Granular materials

Our research projects

Most of us are familiar with granular materials from pouring our cereal into a bowl at breakfast! Yet, despite thousands of years of using and handling granular materials, mathematically modelling their flow behaviour and the way disparate grains segregate is still a significant challenge. There are therefore many exciting problems for applied mathematicians to tackle which have important applications to both industry and the natural environment.

One of the major research challenges that is being addressed in Manchester, is how to formulate well-posed continuum models that can be used to calculate granular flows with evolving regions of liquid-like and solid-like behaviour. Such behaviour is extremely common, e.g. our breakfast cereal will remain solid-like as the box is rotated up until a critical angle, after which a liquid-like avalanche forms near the surface. This avalanche transports the cereal grains into the bowl, where they can come to rest again to form a static pile again.

Avalanches are actually very efficient at sorting particles by size and/or density, which causes problems in many industrial processes as well as generating beautiful structured patterns in deposits. In Manchester, we are world leaders in the development of new mathematical theories for particle-segregation as well as in investigating how this feeds back on the bulk flow dynamics. For instance, a combination of grain size and roughness differences is responsible for the segregation induced fingering (shown in the image at the top of the page) in which a bi-disperse mixture of large (brown) angular particles and small (white) spherical particles spontaneously forms a series of channels as they flow down a rough (turquoise) inclined plane.
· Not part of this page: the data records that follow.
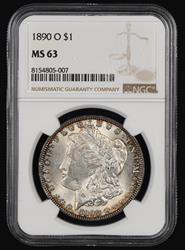1890 O $1 NGC MS63 MS63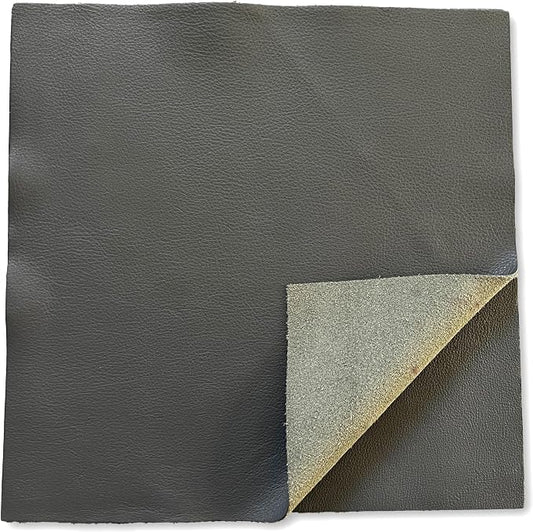 Natural Grain Cow Leathers: 12'' x 12'' Pre-Cut Leather Pieces (Gray, 3 Pieces)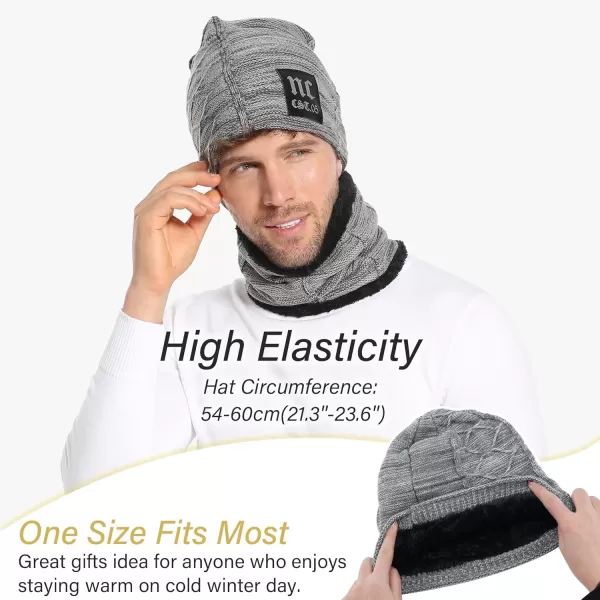 FZ FANTASTIC ZONE Mens Womens Winter Beanie Hat Scarf Set Warm Knit Thick Fleece Lined Skull Cap Neck Warmer for Men WomenNc Grey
Avalanches exhibit invariance over a very broad range of scales, so the mathematical models and small scale experiments that we develop in Manchester are of direct relevance to large scale natural hazards such as snow avalanches, mudslides/debris-flows and volcanic pyroclastic flows. These flows affect communities across the globe and our group is well-known for the development of depth-averaged models for understanding the flow of avalanches over/around defensive obstacles. More recently we have also been developing theories that combine frictional hysteresis and rheology to quantitatively model the formation of self-channelizing flows as well as waves that erode and deposit static material.